Problem: Return the data exactly, but only from the line containing "A plate of loaded" through its last line.

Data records
# # # # # # #

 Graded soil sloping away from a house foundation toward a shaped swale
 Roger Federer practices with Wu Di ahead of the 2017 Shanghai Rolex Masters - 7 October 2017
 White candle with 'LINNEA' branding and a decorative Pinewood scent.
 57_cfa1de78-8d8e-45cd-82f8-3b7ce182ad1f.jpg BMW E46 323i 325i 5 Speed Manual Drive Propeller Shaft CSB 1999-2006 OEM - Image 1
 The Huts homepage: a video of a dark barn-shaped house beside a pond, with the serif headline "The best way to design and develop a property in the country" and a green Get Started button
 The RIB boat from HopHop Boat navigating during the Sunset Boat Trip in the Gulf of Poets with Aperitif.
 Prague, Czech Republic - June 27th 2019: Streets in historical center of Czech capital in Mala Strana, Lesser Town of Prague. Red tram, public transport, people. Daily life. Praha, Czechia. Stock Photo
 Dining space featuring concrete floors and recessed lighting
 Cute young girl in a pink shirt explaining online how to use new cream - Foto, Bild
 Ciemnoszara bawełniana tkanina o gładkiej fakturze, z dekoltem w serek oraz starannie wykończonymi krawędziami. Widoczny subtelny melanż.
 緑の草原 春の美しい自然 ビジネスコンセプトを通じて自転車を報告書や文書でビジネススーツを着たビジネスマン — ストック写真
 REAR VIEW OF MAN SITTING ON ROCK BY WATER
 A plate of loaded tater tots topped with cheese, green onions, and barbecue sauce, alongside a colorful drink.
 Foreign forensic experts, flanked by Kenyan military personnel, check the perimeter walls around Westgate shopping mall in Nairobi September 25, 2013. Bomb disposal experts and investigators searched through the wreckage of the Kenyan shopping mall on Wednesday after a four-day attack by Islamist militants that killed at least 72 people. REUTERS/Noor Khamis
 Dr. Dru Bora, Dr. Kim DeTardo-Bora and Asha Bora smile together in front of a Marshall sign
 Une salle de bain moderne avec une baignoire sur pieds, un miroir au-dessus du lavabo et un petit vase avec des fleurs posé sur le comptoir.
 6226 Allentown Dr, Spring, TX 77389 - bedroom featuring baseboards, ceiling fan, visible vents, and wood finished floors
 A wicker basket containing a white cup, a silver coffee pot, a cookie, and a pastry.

# # # # # # #

Answer space:
 A plate of loaded tater tots topped with cheese, green onions, and barbecue sauce, alongside a colorful drink.
 Foreign forensic experts, flanked by Kenyan military personnel, check the perimeter walls around Westgate shopping mall in Nairobi September 25, 2013. Bomb disposal experts and investigators searched through the wreckage of the Kenyan shopping mall on Wednesday after a four-day attack by Islamist militants that killed at least 72 people. REUTERS/Noor Khamis
 Dr. Dru Bora, Dr. Kim DeTardo-Bora and Asha Bora smile together in front of a Marshall sign
 Une salle de bain moderne avec une baignoire sur pieds, un miroir au-dessus du lavabo et un petit vase avec des fleurs posé sur le comptoir.
 6226 Allentown Dr, Spring, TX 77389 - bedroom featuring baseboards, ceiling fan, visible vents, and wood finished floors
 A wicker basket containing a white cup, a silver coffee pot, a cookie, and a pastry.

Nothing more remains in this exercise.